• What this task involves:
From the line bearing "EC79115.jpg" down to the final line of the records below, give every line again exactly and add nothing.

• Information given:
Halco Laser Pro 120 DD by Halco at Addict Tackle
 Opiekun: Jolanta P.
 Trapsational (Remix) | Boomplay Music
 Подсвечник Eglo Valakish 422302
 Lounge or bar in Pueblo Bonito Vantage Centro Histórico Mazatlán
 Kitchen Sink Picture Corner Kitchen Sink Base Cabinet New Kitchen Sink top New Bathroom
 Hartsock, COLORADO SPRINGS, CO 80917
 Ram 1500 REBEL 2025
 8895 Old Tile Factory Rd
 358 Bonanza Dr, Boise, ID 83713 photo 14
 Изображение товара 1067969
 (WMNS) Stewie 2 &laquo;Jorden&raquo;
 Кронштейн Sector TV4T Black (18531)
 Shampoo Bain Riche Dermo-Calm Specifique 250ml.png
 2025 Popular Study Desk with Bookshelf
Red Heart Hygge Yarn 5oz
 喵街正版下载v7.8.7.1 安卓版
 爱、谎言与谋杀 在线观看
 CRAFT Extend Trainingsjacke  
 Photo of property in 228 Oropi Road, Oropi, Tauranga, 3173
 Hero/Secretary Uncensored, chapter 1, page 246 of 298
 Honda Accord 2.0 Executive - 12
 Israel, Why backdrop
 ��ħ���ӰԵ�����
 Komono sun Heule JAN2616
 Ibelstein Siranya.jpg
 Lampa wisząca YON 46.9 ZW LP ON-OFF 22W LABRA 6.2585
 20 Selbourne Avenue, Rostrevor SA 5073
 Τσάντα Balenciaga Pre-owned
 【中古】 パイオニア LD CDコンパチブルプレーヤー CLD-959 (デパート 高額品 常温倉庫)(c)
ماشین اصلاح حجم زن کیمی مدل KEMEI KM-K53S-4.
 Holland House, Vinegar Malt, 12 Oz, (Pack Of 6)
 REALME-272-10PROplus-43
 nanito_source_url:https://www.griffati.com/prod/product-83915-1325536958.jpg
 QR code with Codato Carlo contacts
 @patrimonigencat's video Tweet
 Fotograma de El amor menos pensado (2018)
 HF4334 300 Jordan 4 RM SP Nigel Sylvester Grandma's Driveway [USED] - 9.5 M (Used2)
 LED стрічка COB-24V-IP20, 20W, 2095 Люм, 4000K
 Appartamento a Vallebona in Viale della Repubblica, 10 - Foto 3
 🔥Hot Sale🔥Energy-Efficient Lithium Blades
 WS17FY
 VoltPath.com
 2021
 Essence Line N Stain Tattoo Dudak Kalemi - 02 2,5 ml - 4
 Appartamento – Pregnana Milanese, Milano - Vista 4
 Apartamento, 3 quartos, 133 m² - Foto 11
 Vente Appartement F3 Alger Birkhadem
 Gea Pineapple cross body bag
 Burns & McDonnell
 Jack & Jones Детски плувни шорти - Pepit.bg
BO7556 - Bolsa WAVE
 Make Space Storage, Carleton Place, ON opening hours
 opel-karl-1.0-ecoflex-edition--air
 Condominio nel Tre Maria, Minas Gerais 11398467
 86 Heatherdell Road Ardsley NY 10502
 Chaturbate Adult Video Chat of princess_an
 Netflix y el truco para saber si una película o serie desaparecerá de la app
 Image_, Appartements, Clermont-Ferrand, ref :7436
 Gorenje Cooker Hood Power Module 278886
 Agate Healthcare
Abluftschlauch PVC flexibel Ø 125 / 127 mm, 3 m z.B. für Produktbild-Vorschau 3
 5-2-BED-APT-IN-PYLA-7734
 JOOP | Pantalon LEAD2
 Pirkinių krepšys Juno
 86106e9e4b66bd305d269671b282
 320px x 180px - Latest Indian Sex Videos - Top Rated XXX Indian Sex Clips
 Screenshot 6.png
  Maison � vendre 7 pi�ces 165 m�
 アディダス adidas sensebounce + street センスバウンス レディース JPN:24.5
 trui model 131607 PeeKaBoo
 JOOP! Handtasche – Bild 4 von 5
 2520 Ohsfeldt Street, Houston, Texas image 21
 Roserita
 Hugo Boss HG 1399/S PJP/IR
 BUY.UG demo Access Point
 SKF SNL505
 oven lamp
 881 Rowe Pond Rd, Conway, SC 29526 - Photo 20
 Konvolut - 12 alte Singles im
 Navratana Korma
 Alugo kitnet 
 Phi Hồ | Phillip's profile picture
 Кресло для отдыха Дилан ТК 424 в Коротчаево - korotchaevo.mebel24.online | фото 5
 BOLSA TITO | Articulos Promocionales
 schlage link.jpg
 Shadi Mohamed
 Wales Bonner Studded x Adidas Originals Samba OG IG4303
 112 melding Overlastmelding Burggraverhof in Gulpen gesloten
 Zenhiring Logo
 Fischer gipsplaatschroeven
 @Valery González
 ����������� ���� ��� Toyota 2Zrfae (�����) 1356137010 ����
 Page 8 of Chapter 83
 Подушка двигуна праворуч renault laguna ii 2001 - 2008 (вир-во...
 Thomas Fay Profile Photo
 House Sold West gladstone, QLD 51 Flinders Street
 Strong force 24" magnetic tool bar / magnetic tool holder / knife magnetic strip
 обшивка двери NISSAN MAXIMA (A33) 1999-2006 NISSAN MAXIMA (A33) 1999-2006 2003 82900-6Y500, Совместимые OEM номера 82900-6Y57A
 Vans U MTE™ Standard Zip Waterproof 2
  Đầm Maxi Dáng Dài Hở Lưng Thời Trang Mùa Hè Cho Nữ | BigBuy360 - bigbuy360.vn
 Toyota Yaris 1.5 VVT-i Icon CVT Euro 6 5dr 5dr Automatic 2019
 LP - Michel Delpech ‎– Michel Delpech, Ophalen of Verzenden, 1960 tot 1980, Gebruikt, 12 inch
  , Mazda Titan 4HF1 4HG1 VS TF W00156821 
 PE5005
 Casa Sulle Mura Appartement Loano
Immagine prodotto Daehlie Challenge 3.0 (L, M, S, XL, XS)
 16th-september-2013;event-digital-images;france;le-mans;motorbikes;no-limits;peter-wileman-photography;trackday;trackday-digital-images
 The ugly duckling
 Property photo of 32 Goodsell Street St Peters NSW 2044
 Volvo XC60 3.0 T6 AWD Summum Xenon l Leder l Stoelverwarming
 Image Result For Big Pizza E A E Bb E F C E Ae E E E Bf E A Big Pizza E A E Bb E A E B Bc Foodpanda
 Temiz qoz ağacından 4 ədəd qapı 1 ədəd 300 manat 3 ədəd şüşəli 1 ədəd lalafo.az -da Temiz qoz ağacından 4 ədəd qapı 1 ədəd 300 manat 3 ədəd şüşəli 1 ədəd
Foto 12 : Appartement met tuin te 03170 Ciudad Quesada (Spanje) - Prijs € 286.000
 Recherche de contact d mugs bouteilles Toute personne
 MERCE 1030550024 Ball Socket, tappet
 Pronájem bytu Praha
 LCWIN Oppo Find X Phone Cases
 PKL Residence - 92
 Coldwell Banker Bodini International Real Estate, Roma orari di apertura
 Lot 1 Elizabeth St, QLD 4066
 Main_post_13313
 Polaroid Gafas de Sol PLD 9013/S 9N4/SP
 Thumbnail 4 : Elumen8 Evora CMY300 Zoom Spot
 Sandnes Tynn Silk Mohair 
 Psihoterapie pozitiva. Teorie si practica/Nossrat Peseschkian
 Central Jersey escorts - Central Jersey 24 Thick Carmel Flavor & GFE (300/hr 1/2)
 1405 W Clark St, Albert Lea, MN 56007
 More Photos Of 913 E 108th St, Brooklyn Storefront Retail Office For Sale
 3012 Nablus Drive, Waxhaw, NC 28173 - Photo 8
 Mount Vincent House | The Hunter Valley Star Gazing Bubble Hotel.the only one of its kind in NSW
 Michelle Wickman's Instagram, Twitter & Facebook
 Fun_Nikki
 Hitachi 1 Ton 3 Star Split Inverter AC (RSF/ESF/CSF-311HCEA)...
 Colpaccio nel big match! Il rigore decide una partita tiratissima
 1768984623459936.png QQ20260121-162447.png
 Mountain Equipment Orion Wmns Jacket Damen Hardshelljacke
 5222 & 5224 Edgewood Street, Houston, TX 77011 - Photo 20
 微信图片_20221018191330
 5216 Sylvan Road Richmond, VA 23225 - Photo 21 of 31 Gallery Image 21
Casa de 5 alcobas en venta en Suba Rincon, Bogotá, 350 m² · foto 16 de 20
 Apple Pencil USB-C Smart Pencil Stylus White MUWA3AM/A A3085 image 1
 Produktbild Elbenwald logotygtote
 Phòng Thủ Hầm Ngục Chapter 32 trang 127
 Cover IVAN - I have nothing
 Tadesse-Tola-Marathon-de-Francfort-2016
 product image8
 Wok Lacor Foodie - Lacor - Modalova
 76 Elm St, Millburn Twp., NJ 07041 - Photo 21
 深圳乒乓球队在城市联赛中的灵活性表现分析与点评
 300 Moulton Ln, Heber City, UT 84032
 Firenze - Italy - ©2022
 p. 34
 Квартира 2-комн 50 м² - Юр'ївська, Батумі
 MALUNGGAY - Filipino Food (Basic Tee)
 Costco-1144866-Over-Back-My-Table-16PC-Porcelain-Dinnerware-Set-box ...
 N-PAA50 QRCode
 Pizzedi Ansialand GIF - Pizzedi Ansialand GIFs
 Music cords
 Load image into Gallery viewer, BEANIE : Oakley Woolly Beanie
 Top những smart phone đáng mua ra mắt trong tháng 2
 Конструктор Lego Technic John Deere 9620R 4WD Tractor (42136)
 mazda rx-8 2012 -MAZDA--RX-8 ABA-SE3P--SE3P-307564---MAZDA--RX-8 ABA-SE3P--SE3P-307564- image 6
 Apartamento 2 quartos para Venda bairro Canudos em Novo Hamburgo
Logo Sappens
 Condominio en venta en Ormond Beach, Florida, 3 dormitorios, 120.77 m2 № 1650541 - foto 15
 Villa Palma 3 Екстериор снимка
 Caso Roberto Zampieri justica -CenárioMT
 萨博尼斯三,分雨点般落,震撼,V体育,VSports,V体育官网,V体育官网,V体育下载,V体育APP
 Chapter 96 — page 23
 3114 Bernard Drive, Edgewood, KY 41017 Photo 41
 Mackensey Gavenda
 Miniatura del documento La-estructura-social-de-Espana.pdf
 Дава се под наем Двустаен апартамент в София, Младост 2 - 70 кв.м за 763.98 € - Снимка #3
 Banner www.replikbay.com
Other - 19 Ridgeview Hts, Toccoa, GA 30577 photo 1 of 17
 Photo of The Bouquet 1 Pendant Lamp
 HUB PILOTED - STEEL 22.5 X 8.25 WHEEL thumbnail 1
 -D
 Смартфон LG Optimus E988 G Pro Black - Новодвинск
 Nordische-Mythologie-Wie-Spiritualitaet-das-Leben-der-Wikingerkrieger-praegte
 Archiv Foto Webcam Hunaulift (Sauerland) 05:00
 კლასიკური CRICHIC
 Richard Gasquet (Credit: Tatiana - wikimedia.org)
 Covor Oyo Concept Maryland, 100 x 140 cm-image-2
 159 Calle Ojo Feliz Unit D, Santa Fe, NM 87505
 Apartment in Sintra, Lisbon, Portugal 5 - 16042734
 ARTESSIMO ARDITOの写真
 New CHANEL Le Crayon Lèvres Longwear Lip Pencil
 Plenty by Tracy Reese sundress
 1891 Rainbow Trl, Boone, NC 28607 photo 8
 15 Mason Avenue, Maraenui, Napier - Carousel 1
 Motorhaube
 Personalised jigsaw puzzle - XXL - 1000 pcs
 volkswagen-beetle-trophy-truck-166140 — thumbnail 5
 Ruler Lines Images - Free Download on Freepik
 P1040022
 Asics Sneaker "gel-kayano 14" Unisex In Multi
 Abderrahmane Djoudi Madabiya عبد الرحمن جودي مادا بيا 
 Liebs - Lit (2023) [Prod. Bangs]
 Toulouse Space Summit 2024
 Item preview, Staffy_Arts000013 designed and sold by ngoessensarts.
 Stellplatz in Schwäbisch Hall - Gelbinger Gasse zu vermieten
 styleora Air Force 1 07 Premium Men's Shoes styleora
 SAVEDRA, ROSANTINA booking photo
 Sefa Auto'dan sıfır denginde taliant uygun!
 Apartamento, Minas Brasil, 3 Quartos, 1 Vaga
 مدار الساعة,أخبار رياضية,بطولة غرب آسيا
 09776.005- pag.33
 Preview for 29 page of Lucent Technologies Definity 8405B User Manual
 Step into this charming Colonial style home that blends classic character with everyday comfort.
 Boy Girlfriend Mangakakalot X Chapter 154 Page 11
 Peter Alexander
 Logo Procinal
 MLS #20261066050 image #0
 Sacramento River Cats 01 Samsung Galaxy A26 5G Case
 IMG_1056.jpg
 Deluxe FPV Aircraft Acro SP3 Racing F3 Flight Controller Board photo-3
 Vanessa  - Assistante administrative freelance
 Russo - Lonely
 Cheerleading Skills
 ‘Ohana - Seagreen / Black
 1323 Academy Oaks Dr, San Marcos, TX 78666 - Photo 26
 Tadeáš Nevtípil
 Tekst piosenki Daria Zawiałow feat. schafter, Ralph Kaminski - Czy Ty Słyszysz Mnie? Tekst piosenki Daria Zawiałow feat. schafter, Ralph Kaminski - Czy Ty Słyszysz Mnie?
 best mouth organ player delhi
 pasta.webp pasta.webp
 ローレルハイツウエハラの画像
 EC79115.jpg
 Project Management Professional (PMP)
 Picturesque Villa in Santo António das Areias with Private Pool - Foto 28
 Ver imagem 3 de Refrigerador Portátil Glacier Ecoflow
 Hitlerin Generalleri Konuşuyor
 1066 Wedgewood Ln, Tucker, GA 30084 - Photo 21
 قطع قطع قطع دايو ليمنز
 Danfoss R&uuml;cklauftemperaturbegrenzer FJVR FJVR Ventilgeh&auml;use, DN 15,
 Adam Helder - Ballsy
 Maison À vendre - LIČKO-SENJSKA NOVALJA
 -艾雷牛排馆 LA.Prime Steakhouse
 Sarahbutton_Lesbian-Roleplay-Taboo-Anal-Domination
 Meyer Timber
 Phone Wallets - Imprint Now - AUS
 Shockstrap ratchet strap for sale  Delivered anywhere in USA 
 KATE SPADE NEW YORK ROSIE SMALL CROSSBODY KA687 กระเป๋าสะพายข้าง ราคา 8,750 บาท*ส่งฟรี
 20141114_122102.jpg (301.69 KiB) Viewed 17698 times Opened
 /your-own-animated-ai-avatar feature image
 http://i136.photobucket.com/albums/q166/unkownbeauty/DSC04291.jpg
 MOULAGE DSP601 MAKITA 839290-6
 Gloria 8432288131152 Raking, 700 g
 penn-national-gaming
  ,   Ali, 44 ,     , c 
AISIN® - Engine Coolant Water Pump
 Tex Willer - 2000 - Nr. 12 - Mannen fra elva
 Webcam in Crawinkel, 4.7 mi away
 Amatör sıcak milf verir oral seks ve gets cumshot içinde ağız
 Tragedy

• Exercise result:
 EC79115.jpg
 Project Management Professional (PMP)
 Picturesque Villa in Santo António das Areias with Private Pool - Foto 28
 Ver imagem 3 de Refrigerador Portátil Glacier Ecoflow
 Hitlerin Generalleri Konuşuyor
 1066 Wedgewood Ln, Tucker, GA 30084 - Photo 21
 قطع قطع قطع دايو ليمنز
 Danfoss R&uuml;cklauftemperaturbegrenzer FJVR FJVR Ventilgeh&auml;use, DN 15,
 Adam Helder - Ballsy
 Maison À vendre - LIČKO-SENJSKA NOVALJA
 -艾雷牛排馆 LA.Prime Steakhouse
 Sarahbutton_Lesbian-Roleplay-Taboo-Anal-Domination
 Meyer Timber
 Phone Wallets - Imprint Now - AUS
 Shockstrap ratchet strap for sale  Delivered anywhere in USA 
 KATE SPADE NEW YORK ROSIE SMALL CROSSBODY KA687 กระเป๋าสะพายข้าง ราคา 8,750 บาท*ส่งฟรี
 20141114_122102.jpg (301.69 KiB) Viewed 17698 times Opened
 /your-own-animated-ai-avatar feature image
 http://i136.photobucket.com/albums/q166/unkownbeauty/DSC04291.jpg
 MOULAGE DSP601 MAKITA 839290-6
 Gloria 8432288131152 Raking, 700 g
 penn-national-gaming
  ,   Ali, 44 ,     , c 
AISIN® - Engine Coolant Water Pump
 Tex Willer - 2000 - Nr. 12 - Mannen fra elva
 Webcam in Crawinkel, 4.7 mi away
 Amatör sıcak milf verir oral seks ve gets cumshot içinde ağız
 Tragedy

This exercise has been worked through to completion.